RECORDS FOR PROCESSING:
--------------------
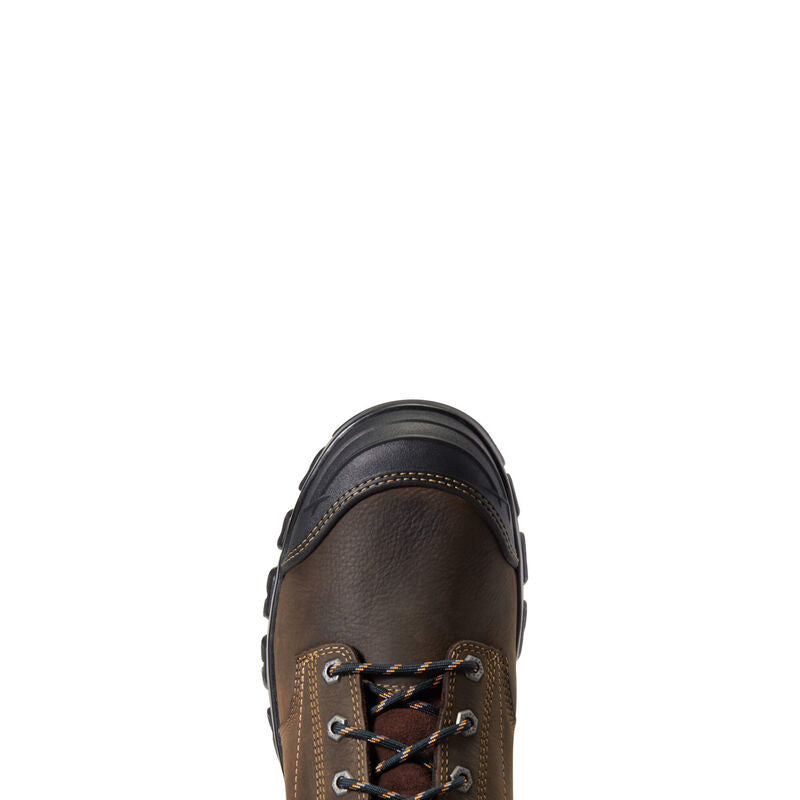 Ariat men's waterproof lace-up work boot with rugged leather upper and protective toe cap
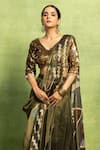 Vedika M_Green Tissue, Silk Embroidery, Abstract Printed Pre-stitched Saree And Blouse Set _Online_at_Aza_Fashions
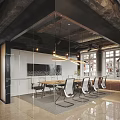 Modern Conference Room Interior With Glass Partitions Long Table Ergonomic Chairs And Hanging Lights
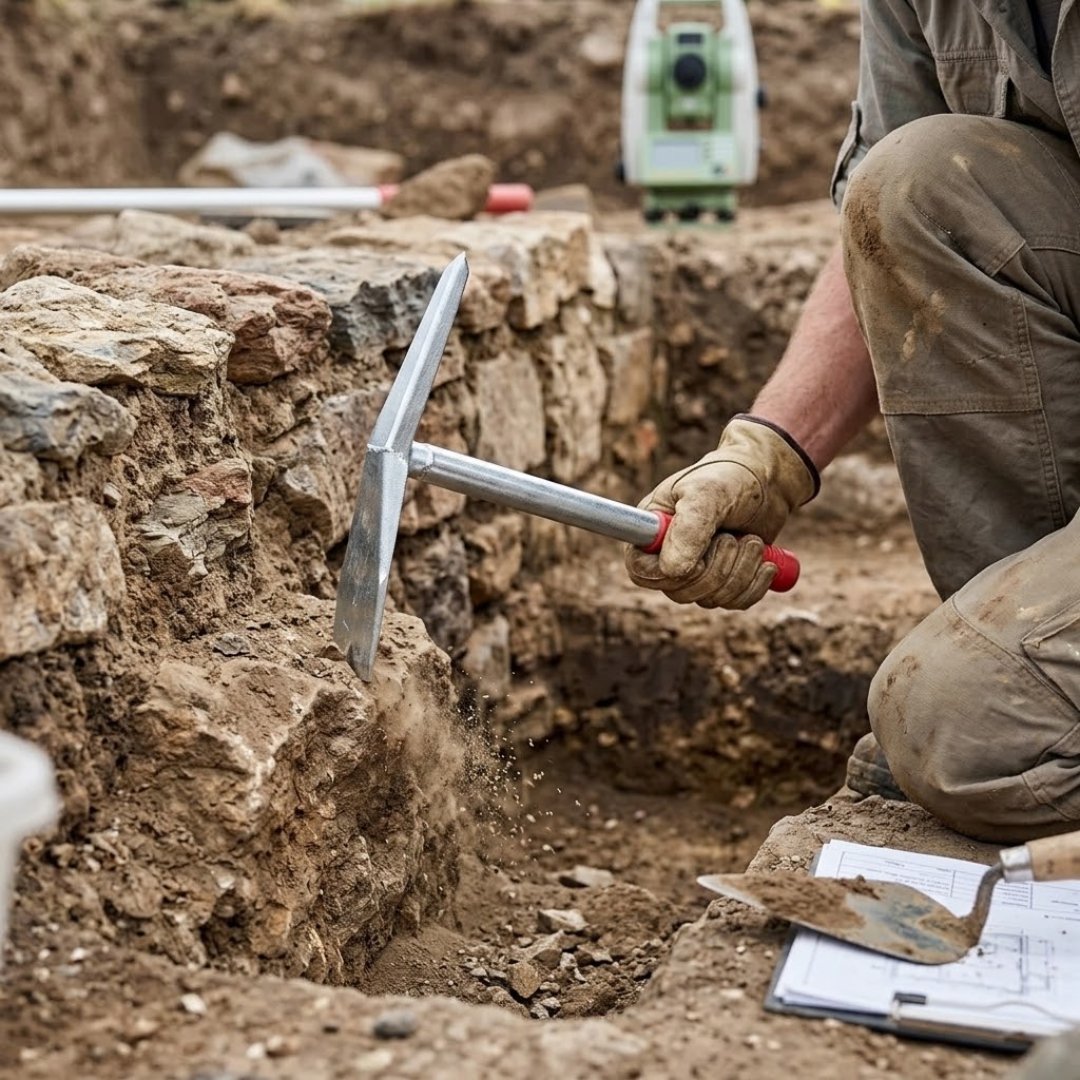 Recogedor pesado de alta resistencia para recolección de muestras, excavación y trabajo de campo. Ideal para geología, arqueología, minería e investigación.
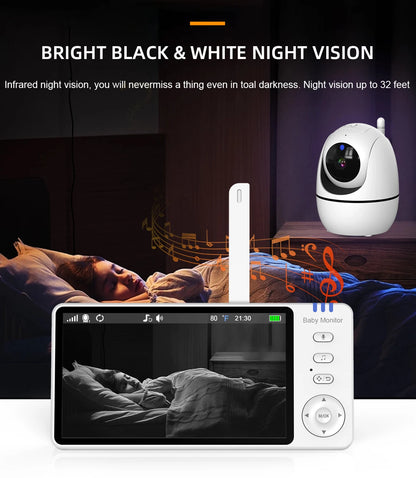 5" HD Video Baby Monitor with PTZ Camera – Night Vision, Two-Way Audio & Temperature Alert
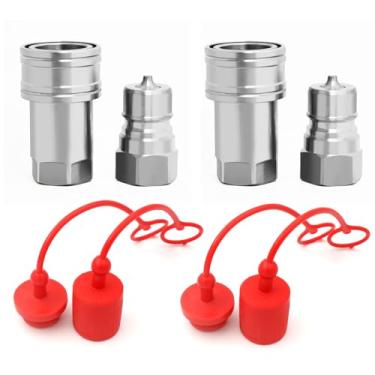 Imagem de Acoplador hidráulico NPT Ag ISO 7241-A 3/8, acoplamento hidráulico de trator CEKER Poppet Pioneer Style Hydraulic Quick Connect, Válvula Poppet de aço carbono, conjunto com 2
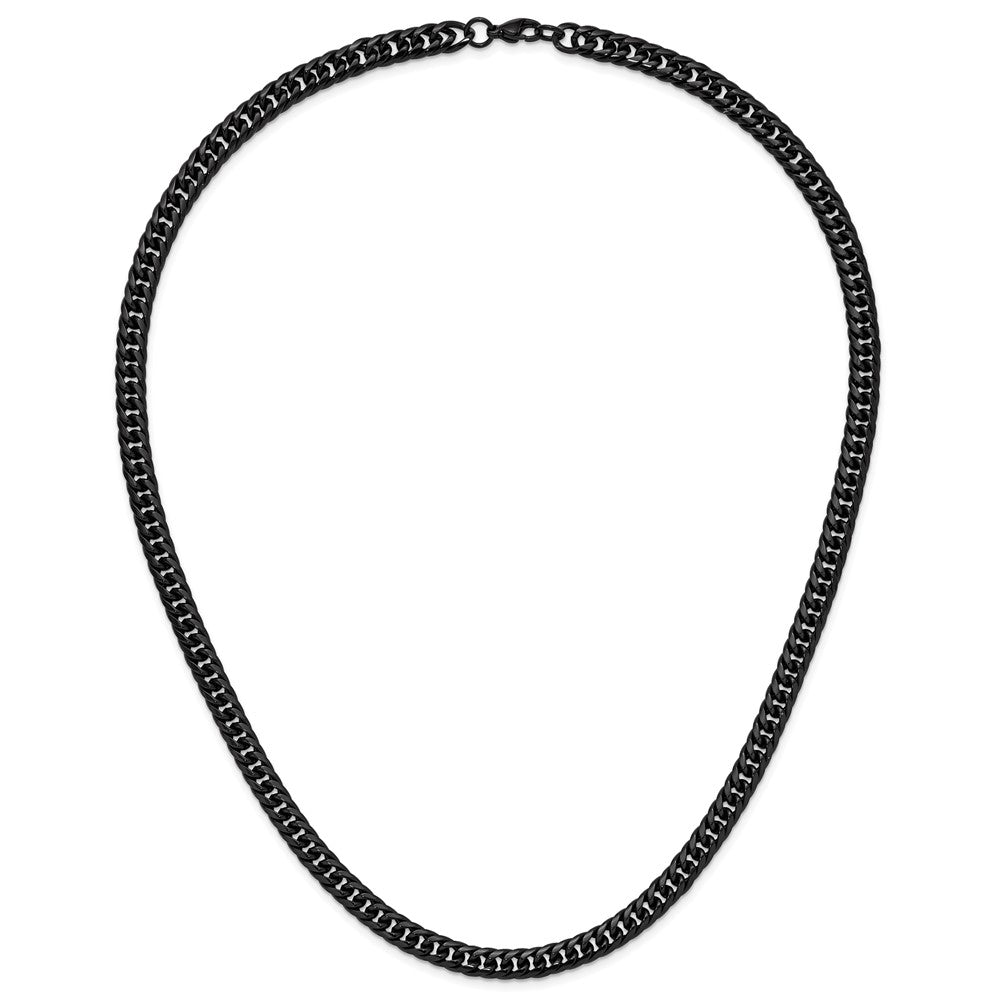 Stainless Steel Chisel Polished Black Ip-Plated 24 Inch Double Curb Chain Necklace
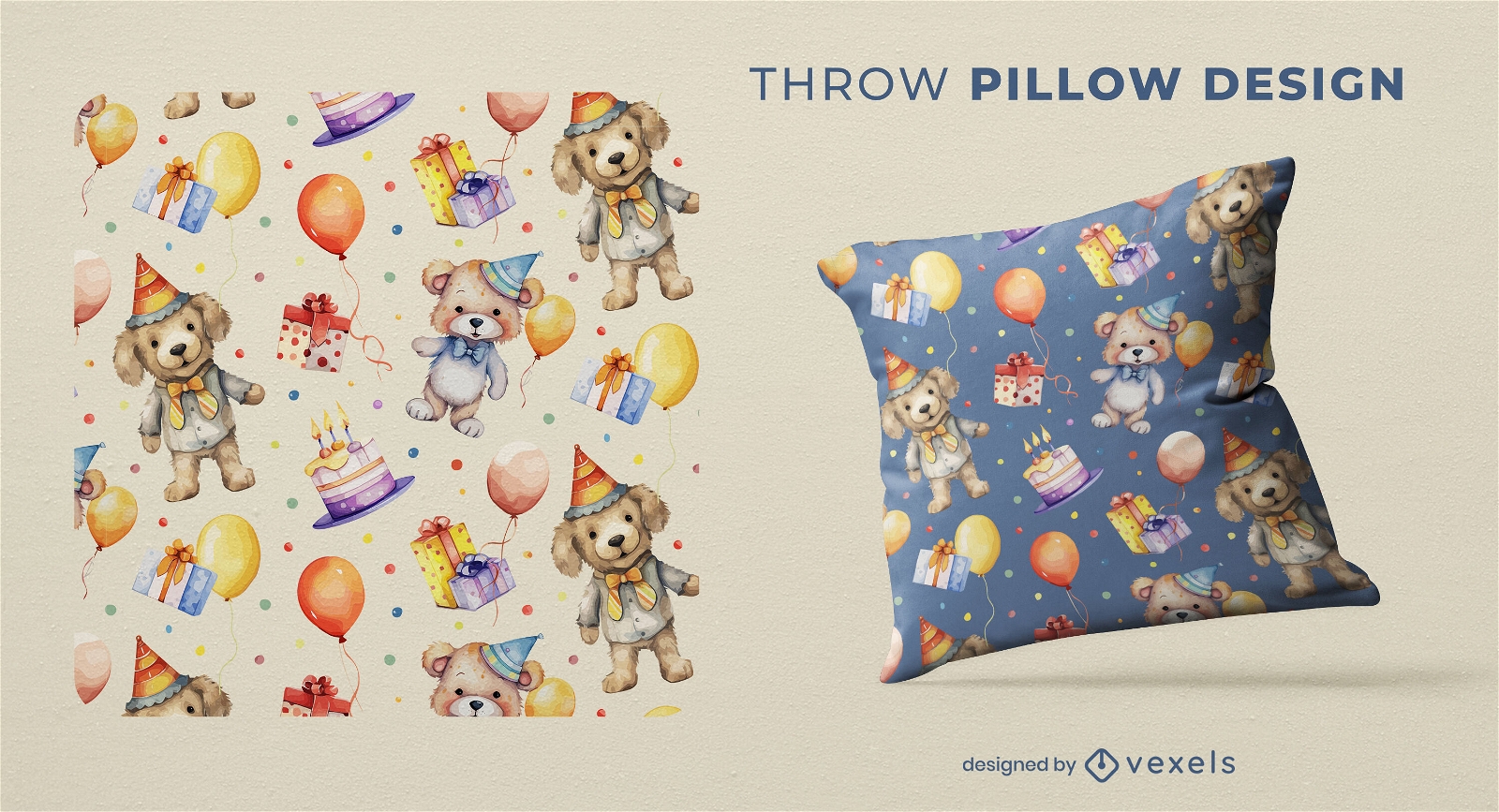 Animal birthday party throw pillow design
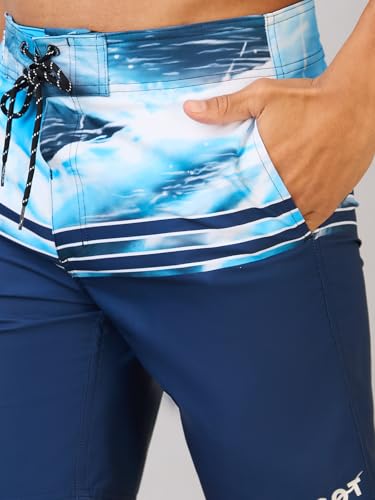 Image of LYCOT Men's Printed Comfortable Surfing Beach Shorts with 3 Pockets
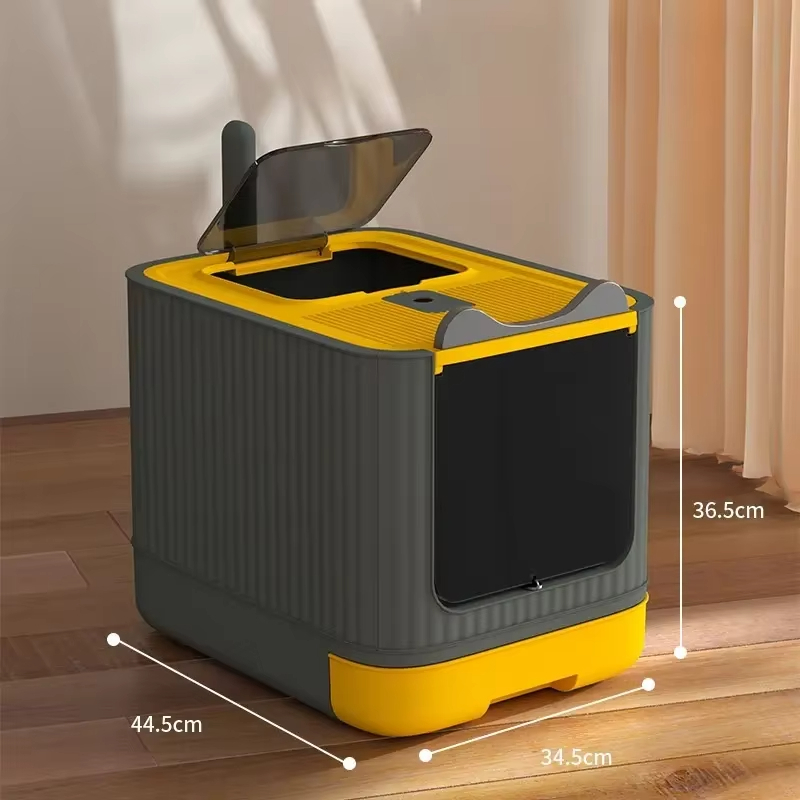 Yellow-New Caja de arena para gatos Caja de arena para gatos & Accesorios Desodorante Inodoro plegable para gatos 1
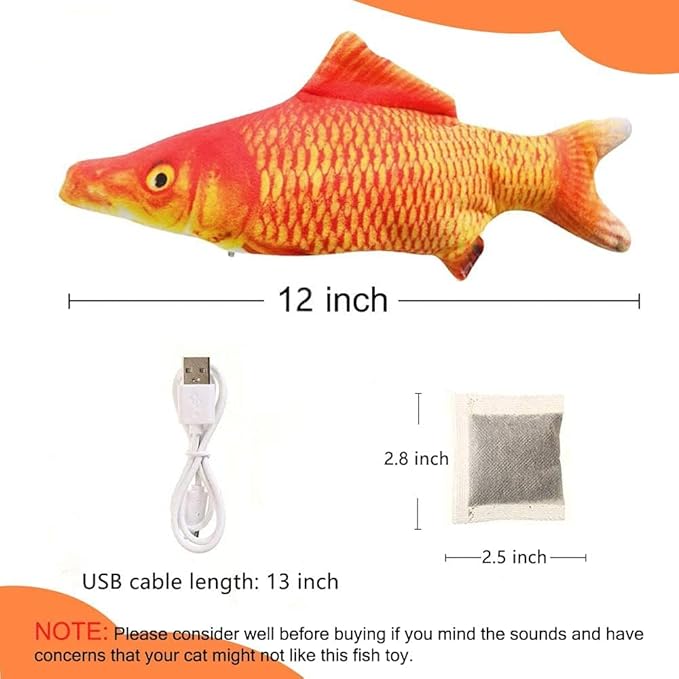 Tocirelo Cat Toys for Bored Indoor Adult Cats - Interactive Catnip Toy for for Indoor Cats，Moving Kitten Kicker, 11" Electric Flopping Fish for Boredom Kitty Exercise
--------------------
ASSIGNMENT:
An exact copy is needed of the entries above, starting at the line that holds "Vedika M_Green Tissue, Silk" and stopping at the line that holds "Yellow-New Caja de", both kept; pictures stay out.

PROBLEM SOLUTION:
 Vedika M_Green Tissue, Silk Embroidery, Abstract Printed Pre-stitched Saree And Blouse Set _Online_at_Aza_Fashions
 Modern Conference Room Interior With Glass Partitions Long Table Ergonomic Chairs And Hanging Lights
 Recogedor pesado de alta resistencia para recolección de muestras, excavación y trabajo de campo. Ideal para geología, arqueología, minería e investigación.
 5" HD Video Baby Monitor with PTZ Camera – Night Vision, Two-Way Audio & Temperature Alert
 Imagem de Acoplador hidráulico NPT Ag ISO 7241-A 3/8, acoplamento hidráulico de trator CEKER Poppet Pioneer Style Hydraulic Quick Connect, Válvula Poppet de aço carbono, conjunto com 2
 Stainless Steel Chisel Polished Black Ip-Plated 24 Inch Double Curb Chain Necklace
 Animal birthday party throw pillow design
 Image of LYCOT Men's Printed Comfortable Surfing Beach Shorts with 3 Pockets
 Yellow-New Caja de arena para gatos Caja de arena para gatos & Accesorios Desodorante Inodoro plegable para gatos 1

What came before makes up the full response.